The night is the brainchild of Newcastle-based comedian Neil Harris and features other Newcastle-based comics such as Kelly Edgar, Matt Wheelwright and Luke Connell, who shares his wisdom about his favourite medieval sea creatures, with a bunch of fives…

The hippopotamus. Ok, not a sea creature, but medieval thought uses the term ‘fish’ to gather all creatures dwelling, or just hanging out, in the water (so crocodiles, for example, are also ‘fish’). The word ‘hippopotamus’ means ‘river horse’ and this was taken quite literally, with depictions giving them horses’ heads and bodies, and they were even said to neigh. Nature was thought of as a craftswoman using the same components in different combinations to make different animal bodies, so you get animals that are a bit like when someone’s lost the instructions for their Lego set and is just mucking about.

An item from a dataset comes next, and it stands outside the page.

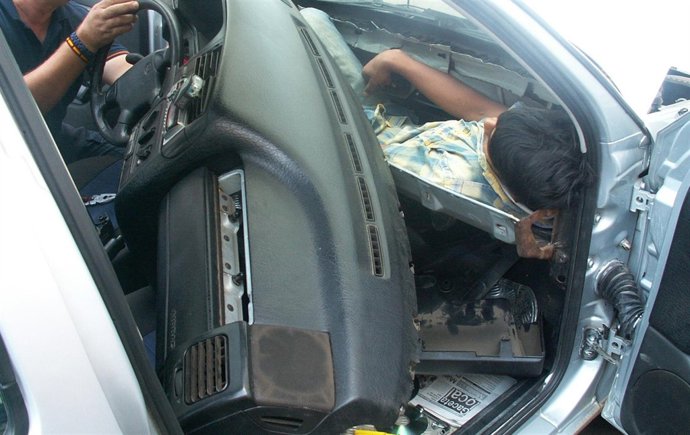 Inmigrante oculto en la valla fronteriza entre Melilla y Marruecos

The octopus. Artists seem to have been very confused about what an octopus is, with a wide variety of depictions that make it fish-like, insect-like, bird-like or even humanoid. Again, Nature had done very inventive work on making this monstrous creature. The octopus’s many feet, arms or tentacles were thought to symbolise the many faces of liars. Deceptive and dangerous, the octopus would sneak up on boats and use its tentacles to hug a sailor and drag them down underwater for its lunch.

The oyster was at the other end of the spectrum. Passive, motionless and plant-like, its only action is to open its shell just a tiny bit to let in a drop of dew, which then hardens and forms a pearl. The best pearls come from the morning dew, with an intense whiteness that represents purity and chastity.

The sea-monk. Ok, we know about monkfish, but the sea-monk was more literally the underwater version of a monk, with a tonsure, the monastic way of shaving the head to show humility. In medieval zoology, lots of land creatures were thought to have a sea equivalent, so you get an amazing range of things like sea-horses, familiar to us, but also sea-rams, sea-peacocks and even sea-centipedes.

The scarus is a smart fish. When it gets caught in fishing nets, it avoids thrashing around, which would entangle it more, and instead delicately reverses out of the net. A scarus will always come to the aid of another scarus that it sees trapped. These were fish that showed solidarity to fight the power.